Naturally, Tesla’s solar story has been a mess. Following the 2016 acquisition of SolarCity, a Buffalo factory deal worth almost $1 billion in New York subsidies was made. This facility was never going to be the biggest solar plant in the Western Hemisphere. Panasonic eventually took over production, but they left in 2020. Buffalo produced Supercharger parts and labeled Autopilot data for many years. Inquiries about solar ceased from investors. The business ceased to report it.

Thus, it feels odd in a subtle way to watch this Texas project take shape. It’s the second opportunity that Tesla wasn’t anticipated to accept. The TSP-420 panel, which was produced in Buffalo in small quantities, marked the beginning of the revival last year. Then, in Davos in January, Musk casually declared that SpaceX and Tesla would each construct 100 GW of solar power in the United States. The $2.9 billion order for Chinese manufacturing equipment, mostly from Suzhou Maxwell, was then reported by CNBC. The parts are coming in. The plants are being constructed.
The relatively simple process of panel assembly is not the only thing being installed in Brookshire.
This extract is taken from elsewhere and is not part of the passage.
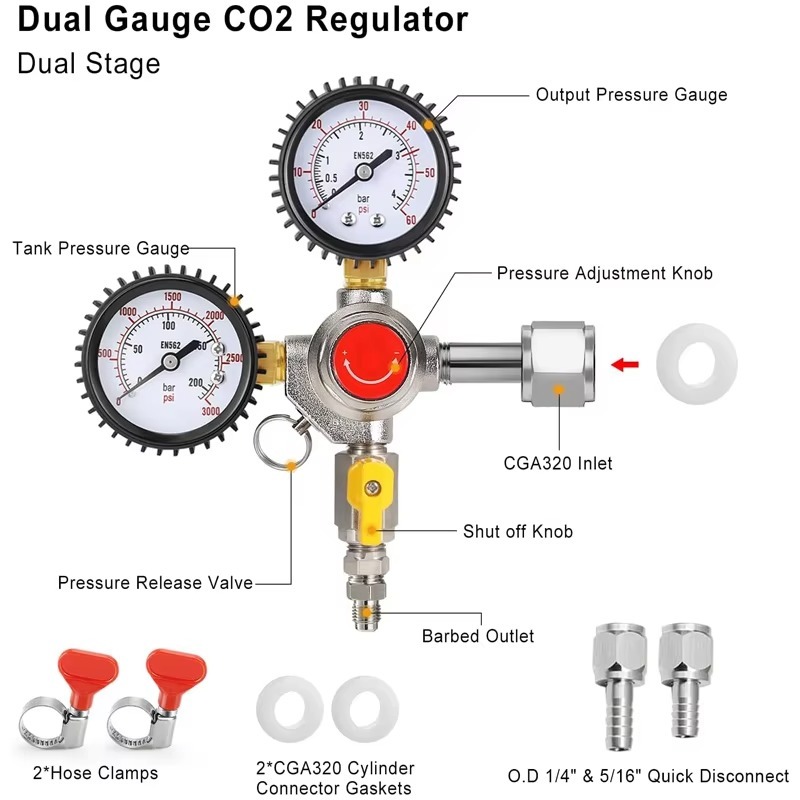 Регулятор CO2 для пивоварения, – обзор и цена Co2 Regulator Dual Stage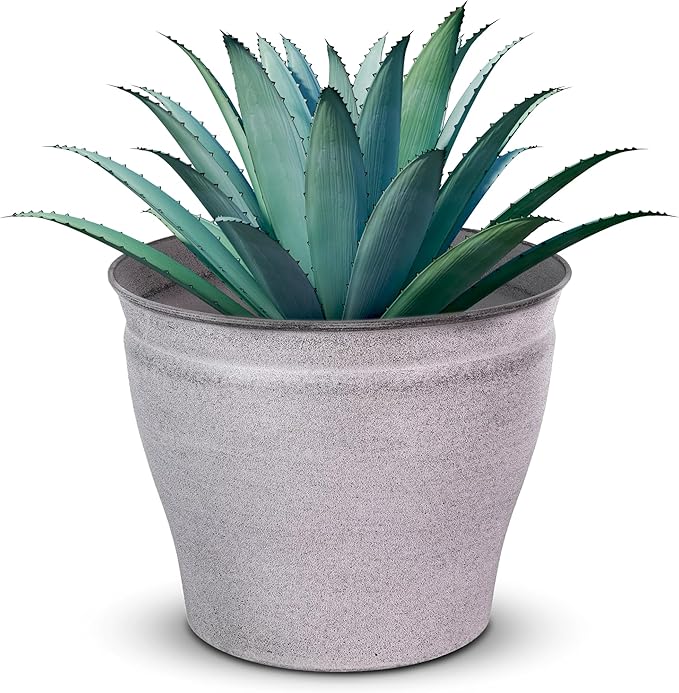 Headwind Natural Ironstone Timberline Collection - 12" Pearl White Decorative Planter for Outdoor Pots for Plants – Modern Indoor Plant Pots, Large & Small Planters for Indoor Plants by Robert Allen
According to reports, Tesla is developing a fully vertically integrated business, combining the production of photovoltaic cells, ingot growth, wafer slicing, and completed panel assembly under a single operational umbrella. Precision-tooled machinery, cleanroom-grade settings, and a workforce that is largely untrained in Texas are all necessary for this. Even by Tesla’s standards, the initial builds will cost more than $250 million in capital expenditures.
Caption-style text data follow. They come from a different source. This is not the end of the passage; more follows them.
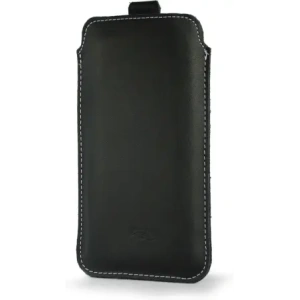 Wholesale LURESKO LILLA 4XL leather slipcase slip for a phone up to 7 inches, leather case (black smooth with white thread) - LUR40 - {ean13} - Hurt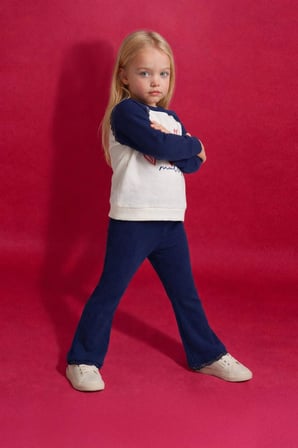 2'li Takım Baskılı Sweatshirt Tayt Kız Bebek G7432A526SPNV42
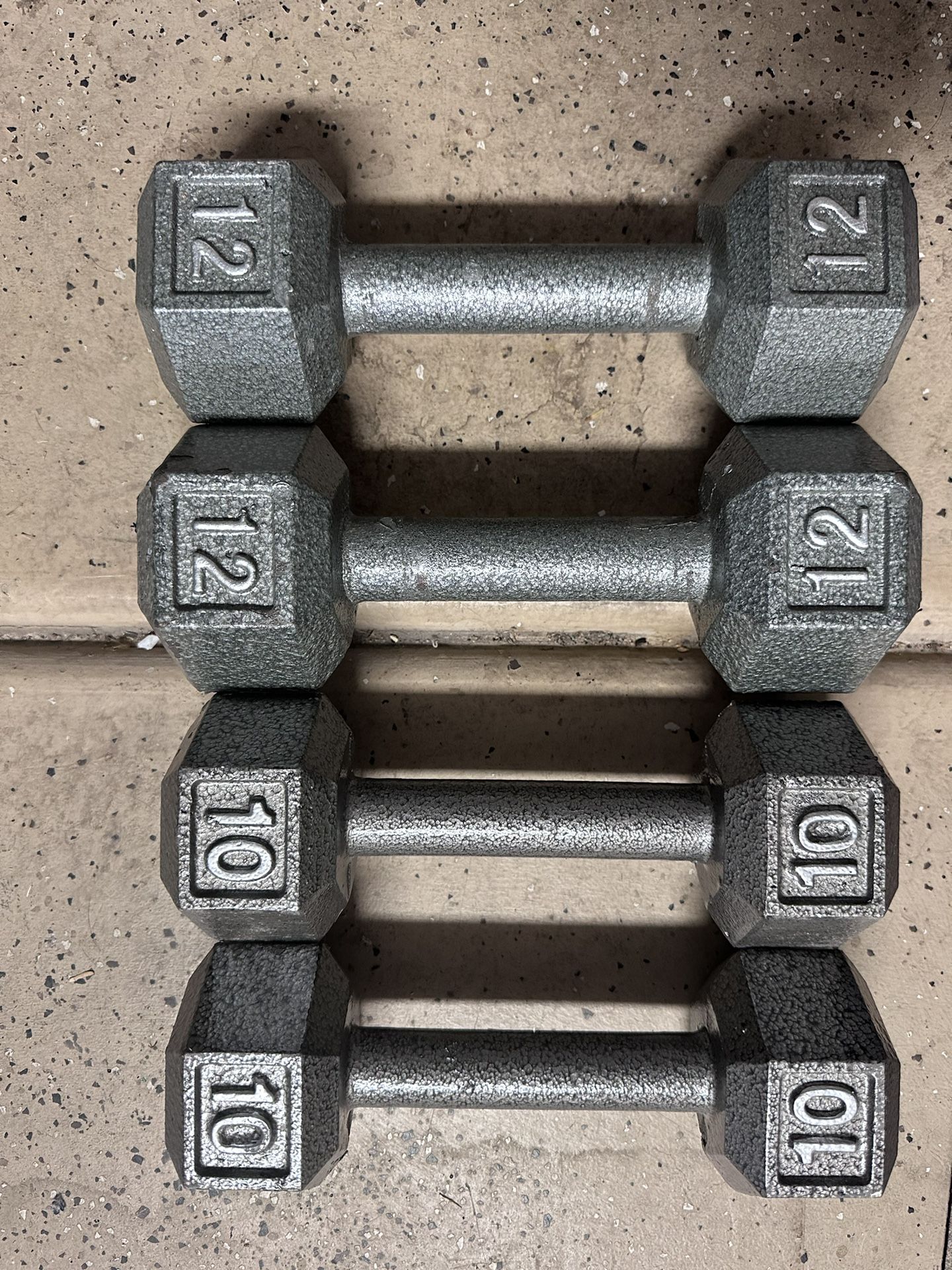 Cast Hex Dumbbells 2-12lbs 2-10lbs $40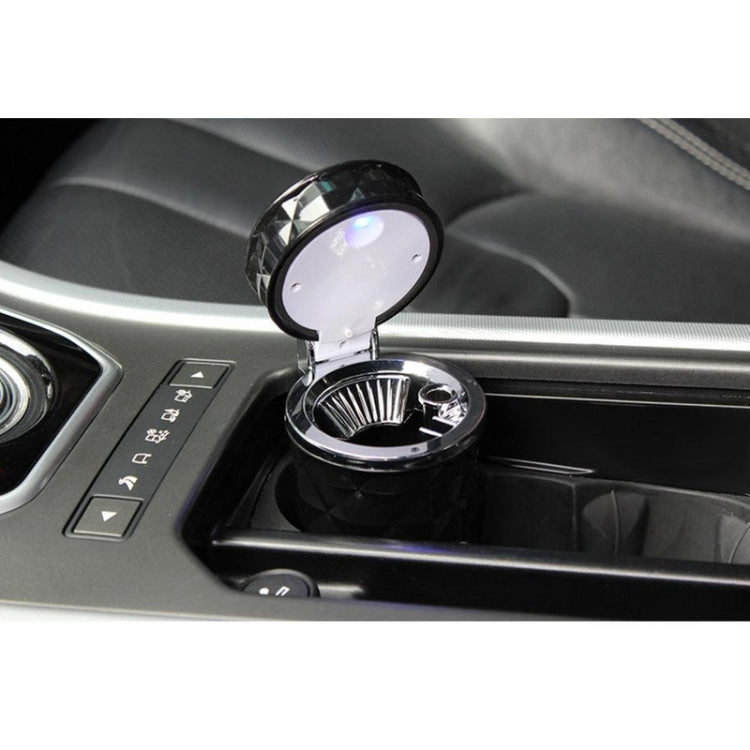 Posacenere per auto con sfaccettature di diamanti con luce a LED, with LED Light(Dark Red), with LED Light(Black), with LED Light(White)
The timing makes sense. Due to AI data centers, electric cars, industrial reshoring, and the gradual electrification of almost everything, the demand for electricity in the United States is rising more quickly than it has in a generation. The quickest and least expensive solution is increasingly thought to be solar power combined with storage. The reasoning behind Brookshire becomes more apparent when you consider the political pressure to produce domestically, which includes supply chain disruptions, tariff disputes, and the persistent shadow of Chinese dominance.
Even so, it’s worth stopping before the festivities. There is a distinct level of difficulty when scaling to 100 GW. Lead times for equipment can take years. The supply of polysilicon is limited. There is hardly any skilled labor available in the US for the production of cells. Tesla has previously failed to meet goals, sometimes spectacularly. Analysts believe that the company is truly committed this time, but execution and commitment are two different things.
The work is quietly going on outside the Brookshire site. Trucks arrive and depart. Steel rises. In a state better known for its oil, engineers are working somewhere inside to figure out how to grow silicon ingots. The symbolism in that is difficult to ignore.